● WHAT THE TASK REQUIRES:
Word for word, restate the lines of the data below between those holding "Close-up of canvas" and "Young handsome man", inclusive; pictures do not belong in the copy.

● EXTRACTED INFORMATION:
◆ ◆ ◆ ◆ ◆ ◆ ◆

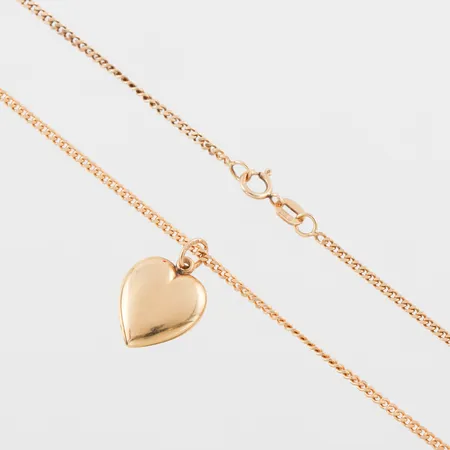 Collier med hänge 18k,längd ca 50 cm bredd 1.7 mm,hängets höjd ca 13 mm. Vikt: 6,3 g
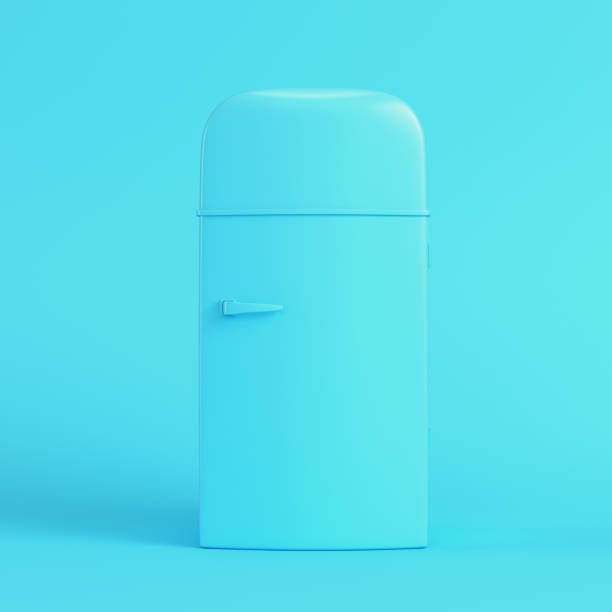 Old styled fridge on bright blue background in pastel colors stock photo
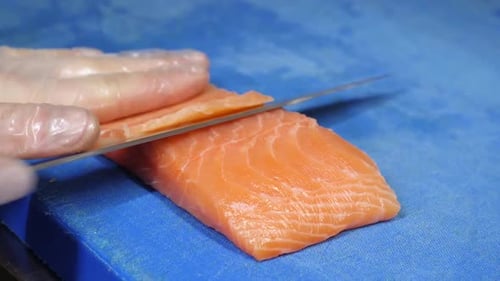 Chef Slices Salmon Fillet on Cutting Board
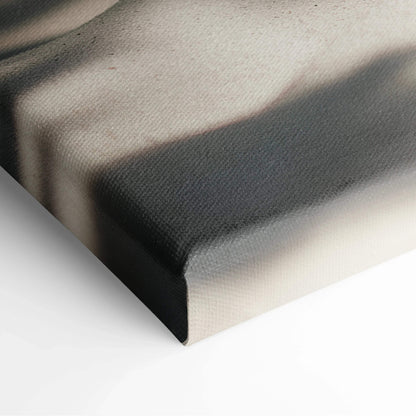 Close-up of canvas texture and wrapped corner on tropical beach wall art with soft sand and shadow details.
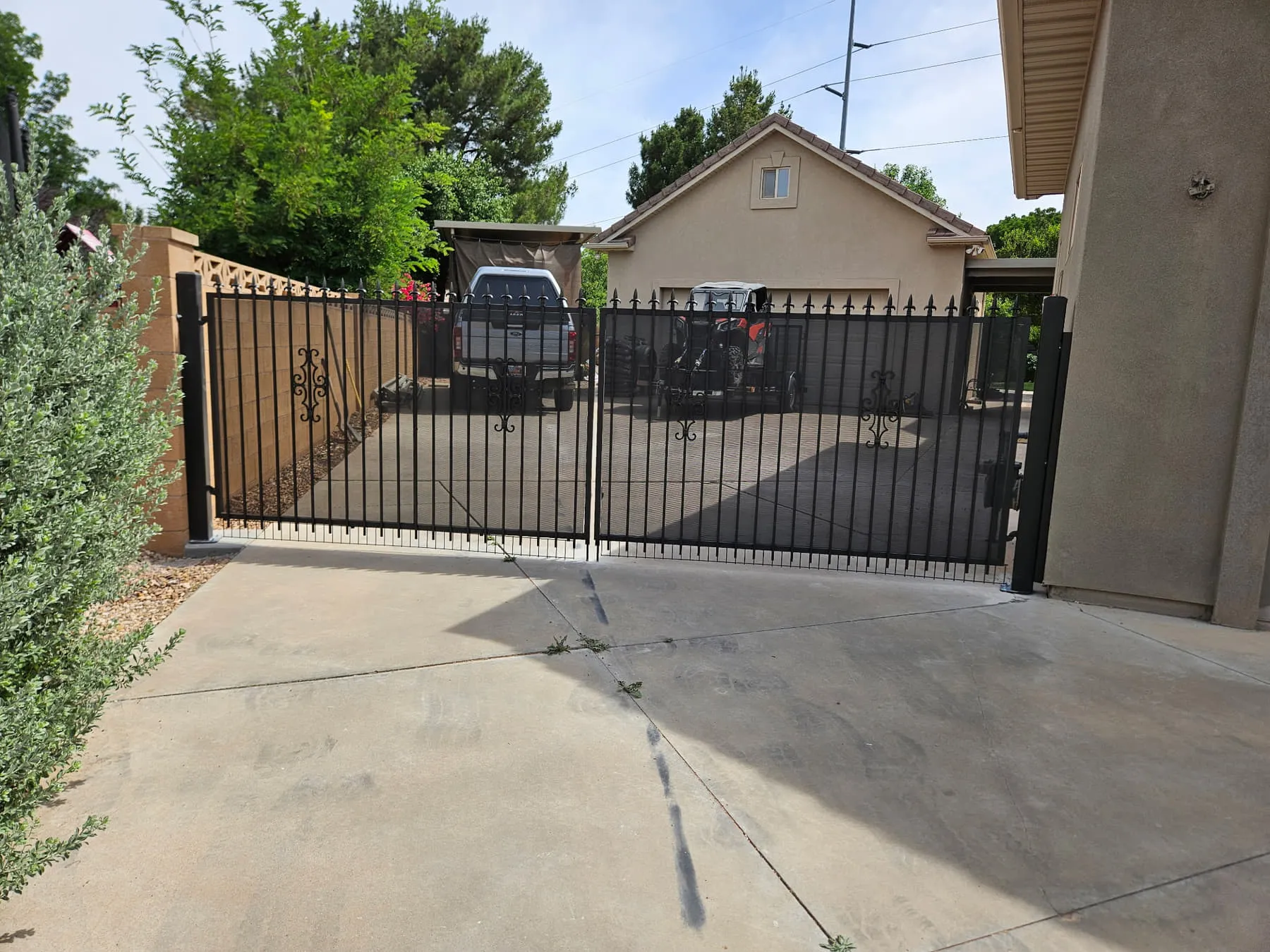 A new matte-black iron double driveway gate with a matching pedestrian gate on black posts, across the same concrete driveway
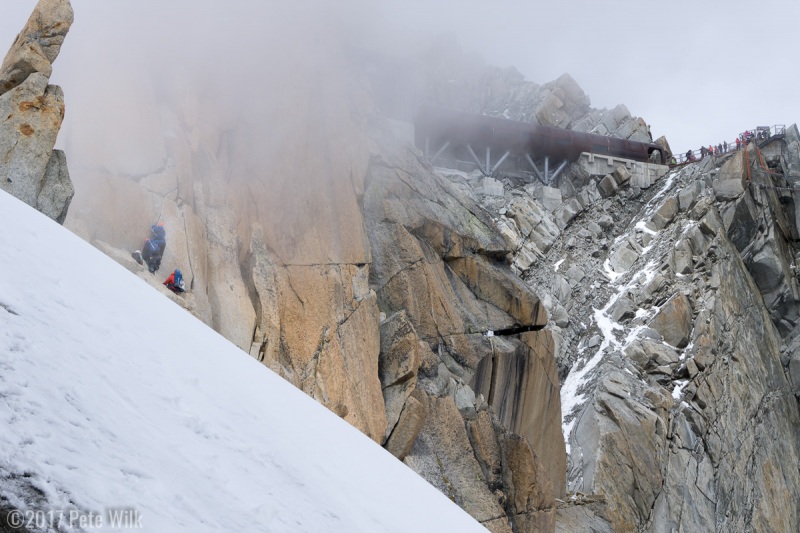 The beginnings of the turn in weather and in fluidity of the climbing.  The Russian team of three is about to create a traffic jam.  Note that there\'s still a fair amount of climbing before getting to the platform.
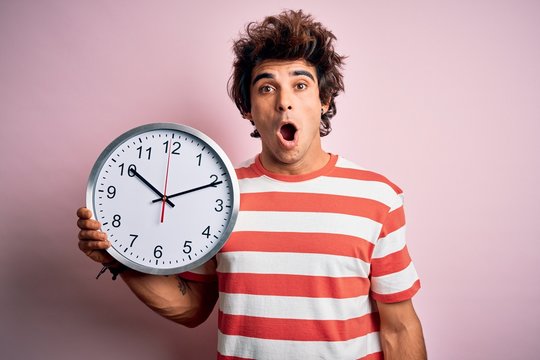 Young handsome man holding big clock standing over isolated pink background scared in shock with a surprise face, afraid and excited with fear expression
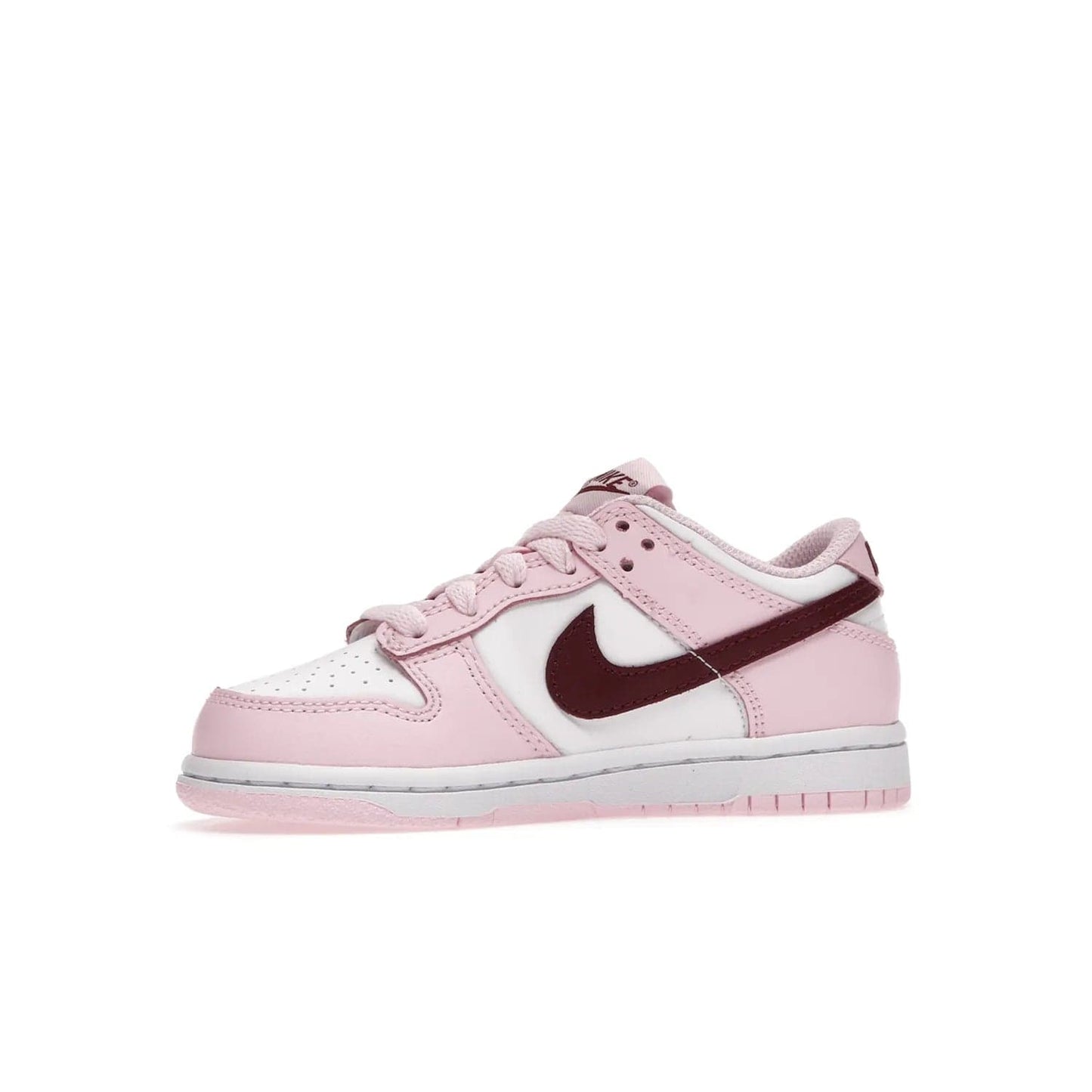 Nike Dunk Low Pink Red White (PS) - Image 17 - Only at www.BallersClubKickz.com - Introducing the Nike Dunk Low Pink Red White (PS), the perfect addition to your sneaker collection. A classic silhouette with modern vibrant colors, including a pink upper with red and white accents and a white midsole. Comfort and durability, perfect for any outfit. Limited edition, available June 22nd.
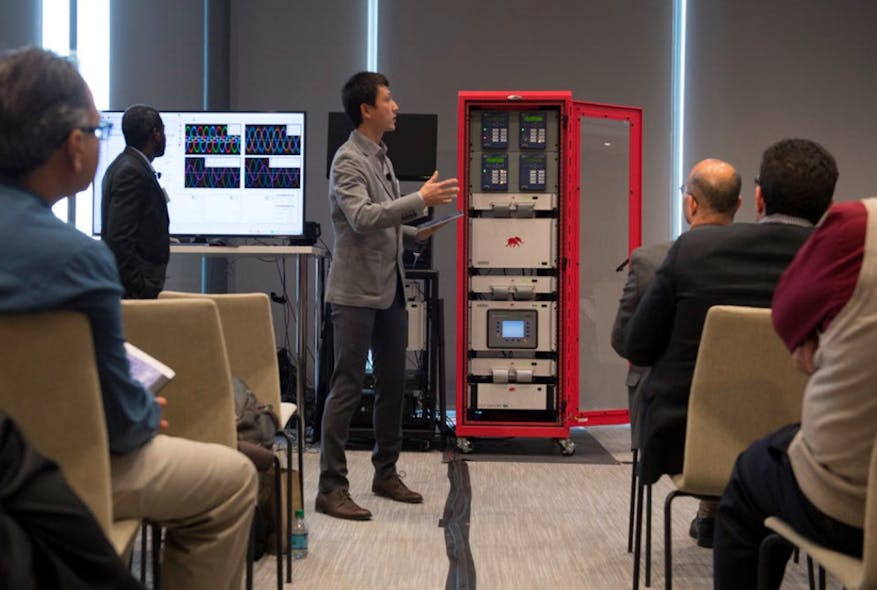 Qiang Fu from EATON presenting Eaton&rsquo;s microgrid controller in the loop with the HIL microgrid testbed at the MIT Lincoln Laboratory Microgrid Symposium 2017. (Photo: Typhoon HIL)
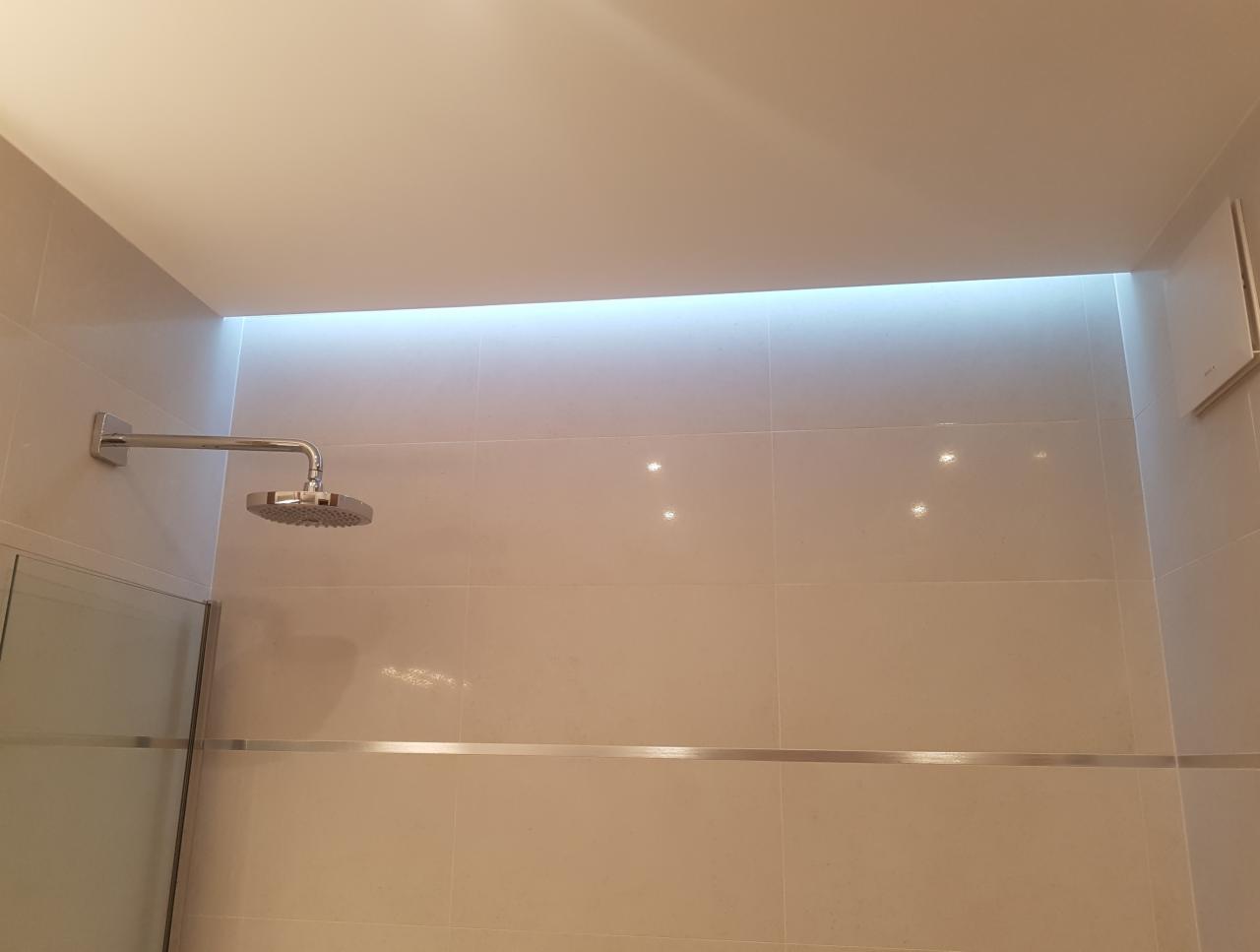 Wykończona łazienka z deszczownicą, podświetleniem LED w suficie i jasnymi, kwadratowymi płytkami ceramicznymi z delikatnym połyskiem.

◆ ◆ ◆ ◆ ◆ ◆ ◆

● RESPONSE BELOW:
 Close-up of canvas texture and wrapped corner on tropical beach wall art with soft sand and shadow details.
 A new matte-black iron double driveway gate with a matching pedestrian gate on black posts, across the same concrete driveway
 The beginnings of the turn in weather and in fluidity of the climbing.  The Russian team of three is about to create a traffic jam.  Note that there\'s still a fair amount of climbing before getting to the platform.
 Young handsome man holding big clock standing over isolated pink background scared in shock with a surprise face, afraid and excited with fear expression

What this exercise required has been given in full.